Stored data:

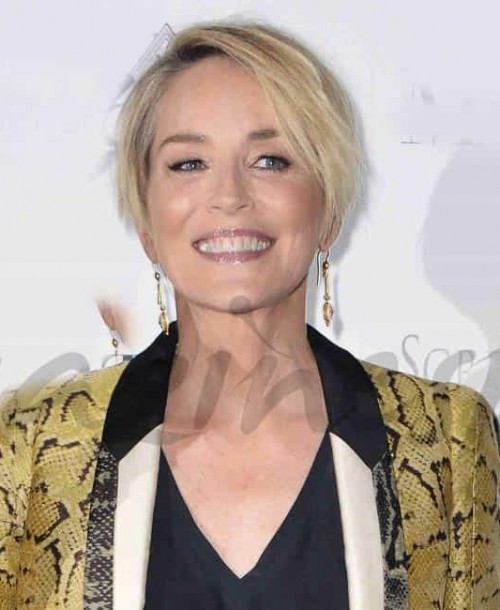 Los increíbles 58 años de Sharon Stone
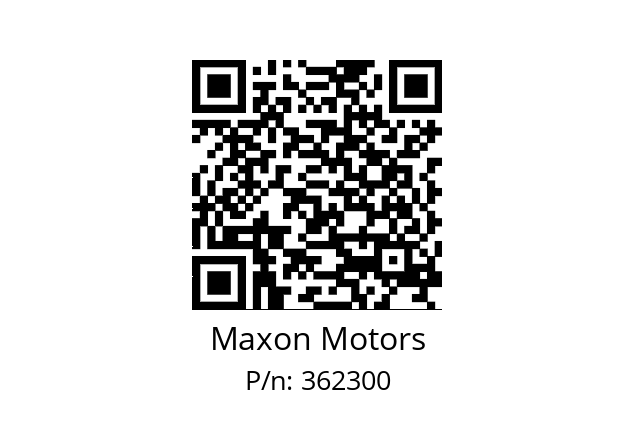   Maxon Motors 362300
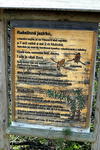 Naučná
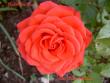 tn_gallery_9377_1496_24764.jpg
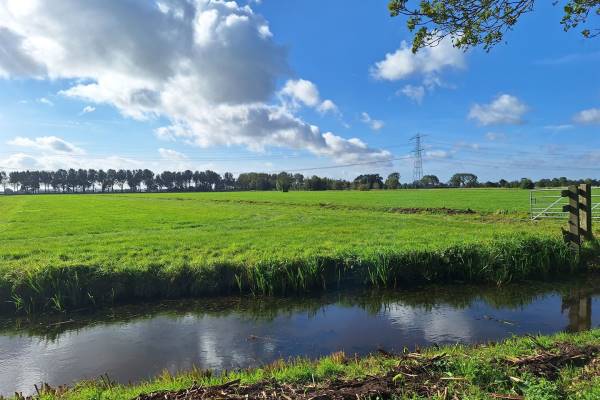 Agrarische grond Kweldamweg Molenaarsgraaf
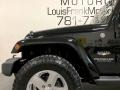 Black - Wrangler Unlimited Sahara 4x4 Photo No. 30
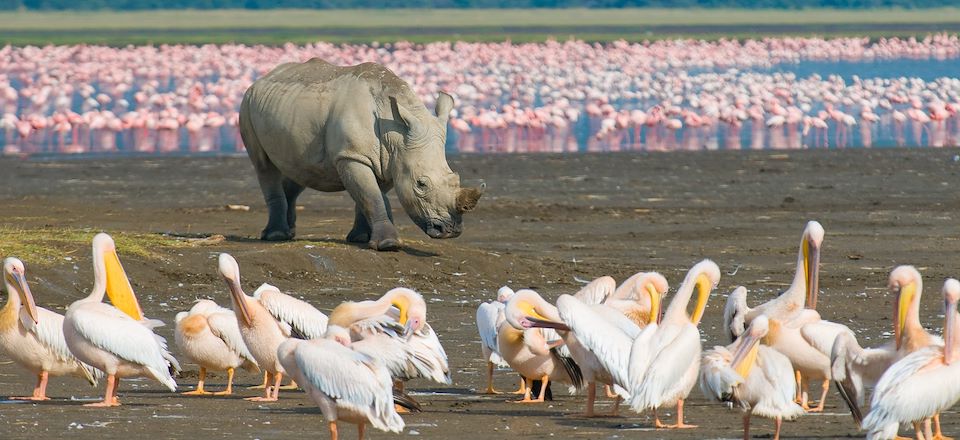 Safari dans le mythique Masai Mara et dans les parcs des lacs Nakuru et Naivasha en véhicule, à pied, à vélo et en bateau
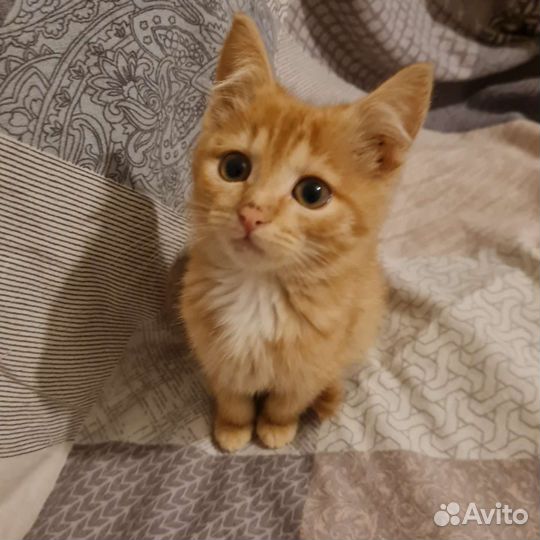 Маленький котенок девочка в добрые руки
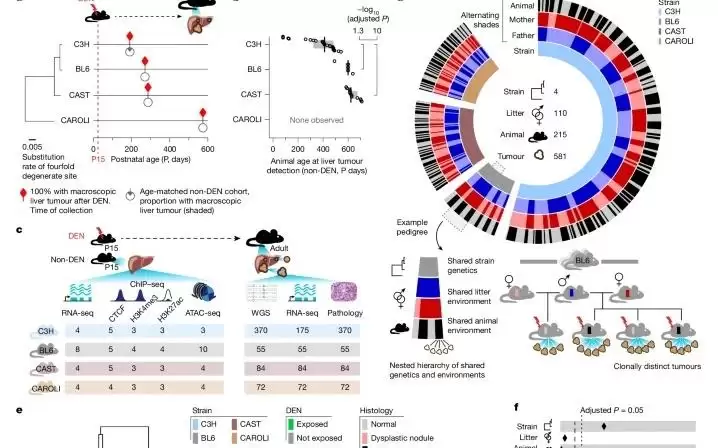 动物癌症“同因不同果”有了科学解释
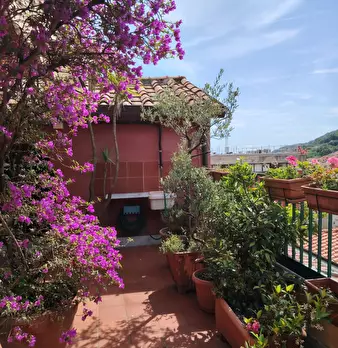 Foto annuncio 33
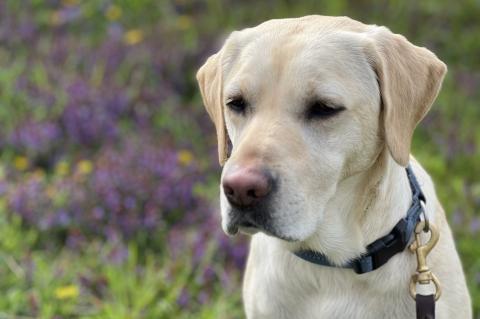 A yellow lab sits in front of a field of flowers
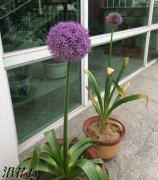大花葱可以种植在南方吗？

TASK BRIEF:
The records are to be returned word for word, without any of their pictures.

YOUR SOLUTION:
 Los increíbles 58 años de Sharon Stone
   Maxon Motors 362300
 Naučná
 tn_gallery_9377_1496_24764.jpg
 Agrarische grond Kweldamweg Molenaarsgraaf
 Black - Wrangler Unlimited Sahara 4x4 Photo No. 30
 Safari dans le mythique Masai Mara et dans les parcs des lacs Nakuru et Naivasha en véhicule, à pied, à vélo et en bateau
 Маленький котенок девочка в добрые руки
 动物癌症“同因不同果”有了科学解释
 Foto annuncio 33
 A yellow lab sits in front of a field of flowers
大花葱可以种植在南方吗？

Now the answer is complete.